Everybody thinks animals should be treated "humanely" and humans shouldn't cause them "unnecessary" pain. So why do animals enjoy so little legal protection?
Building on Tom Regan's _The Case for Animal Rights_ (an excellent book that I reviewed over a year ago), Gary L. Francione argues that it's for a very simple reason: animals are regarded as _property_ under U.S. federal and state law, and "property" has no rights of its own.
Francione says that whenever it comes to a showdown between human wants and animal pain, humans, who _do_ have "rights" under the law, almost always win -- because the game is rigged. Set off the desires of rights-bearing humans against the suffering of rights-less nonhumans whose "welfare" is taken into account for strictly utilitarian reasons, and it's incredibly easy to make a case that such suffering is "necessary".
Francione argues his case well -- including a crucial point: he maintains that there isn't anything in current "property"-based animal law that has the effect of conferring rights on animals anyway. This point is more controversial than some readers may be aware; other writers on this subject (e.g. Gary Varner) have argued that other species _do_ have de facto "rights" under U.S. law and have had them at least since the Endangered Species Act of 1973. If they're right, Francione's argument is in need of serious shoring up if he is to show that the _absence of rights_ is the real problem for nonhuman species.
At any rate he illustrates his main point twice: once in general (using the history of animal cruelty statutes) and once specifically (using the history of animal experimentation and the effects -- or otherwise -- of the Federal Animal Protection Act). I think his arguments are pretty sound, but they're extremely important either way.

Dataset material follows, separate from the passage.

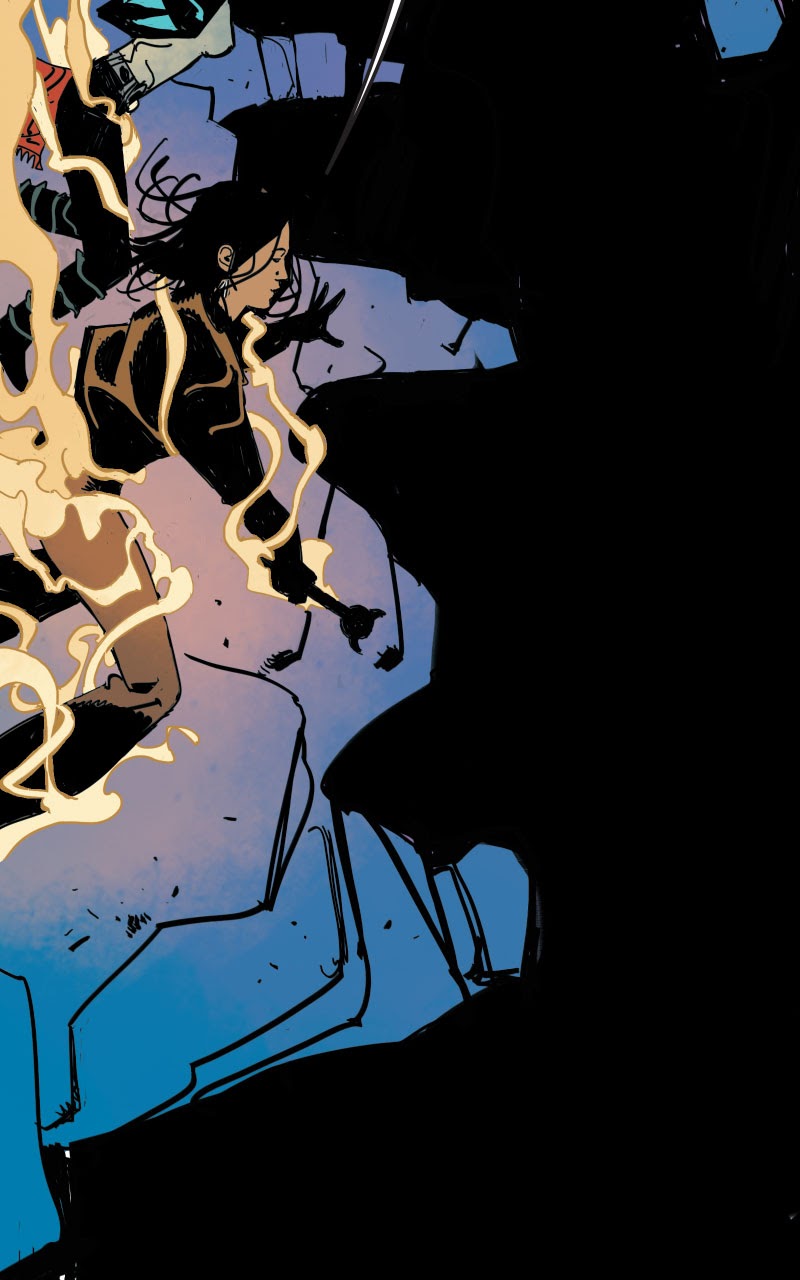 Read online Ghost Rider: Kushala Infinity Comic comic -  Issue #6 - 124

One crucial issue here is _standing_. Animals, being "property" rather than rights-bearers, don't have "standing" to bring lawsuits, and generally human beings don't have "standing" to bring suits on animals' behalf. Christopher Stone suggested in a 1972 paper ("Do Trees Have Standing?") that even such natural objects as trees should have standing so that they can be represented in court by human organizations that want to protect them. But so far there hasn't been a majority on the U.S. Supreme Court that has agreed (and in fact Stone himself has since backed off from his suggestion).
Francione does a nice job on this issue. For my money, this reform is the _single_ most important one on the animal-law list; it alone would revolutionize the movement toward humane treatment of animals (and trees, for that matter).
Now, there are several nits to be picked in the philosophical foundations on which Francione builds. This isn't really the place to pick them since Francione is explicitly refraining from mounting a full philosophical case for these foundations. But I'll mention three of them because they also affect the success of Regan's arguments.
(1) Francione argues that utilitarian, "welfarist" ethics can't protect animal welfare because that welfare can always be overruled by consequentialist considerations. But his own case (and Regan's) takes the view that rights are themselves only _prima facie_ moral claims, and therefore still subject to overruling. It is unclear where Francione (and Regan) would draw the line about having them overruled, but it does seem as though many (most? all?) of those "consequentialist" considerations coud be rephrased, brought in the back door as deontological considerations, and weighed against animal rights all over again under the new ethical regime. (And besides, both Francione and Regan admit that rights may be overruled by _some_ consequentialist considerations.) So it's not clear that rights really _would_ provide a greater degree of protection to animal welfare -- especially since, as Francione's own examples show, part of the problem is just that even the _current_ regulations against harm to animals aren't strictly enforced. Is the problem utilitarianism in general and in principle, or just that the current version of legal-welfarist utilitarianism doesn't take adequate account of animal interests?
(2) Francione (following Regan) bases the possession of rights on intrinsic worth. But it isn't just obvious, and neither one of them actually _argues_, that nonhuman animals have the _same_ intrinsic worth as human beings. Nor, for that matter, is it obvious that intrinsic worth really _is_ a sufficient ground for rights; surely there might be creatures whose existence was intrinsically worthwhile but whose survival requirements conflicted so far with our own that they couldn't be said to have any "rights" with respect to human beings. And in that case, it's not clear why, or even whether, the intrinsic worth of other species gives rise to moral claims that are binding specifically on _us_.
(3) Isn't it also possible that animal welfare lives in a sort of moral "no-man's land" in which there really _aren't_ any moral claims sufficiently well-defined to be called "rights"? Maybe, e.g., animals don't have a full moral claim against us not to mistreat them, but human beings who mistreat animals also don't have a moral claim against other humans not to interfere forcibly with such mistreatment. If something like this is even conceivable, it's not clear that consequentialism and deontologism really exhaust the alternatives.
Ah, well -- if one book could answer all our questions, it would be a very different world. At any rate Francione's book is a most worthy successor to Tom Regan's groundbreaking philosophical work and it deserves to be read by anyone interested in the humane treatment of nonhuman animals. Heck, if the opening description of the annual "pigeon shoot" in Hegins PA doesn't cause a wrenching in your gut (no matter what you think of "animal rights"), then you and I don't inhabit the same moral universe.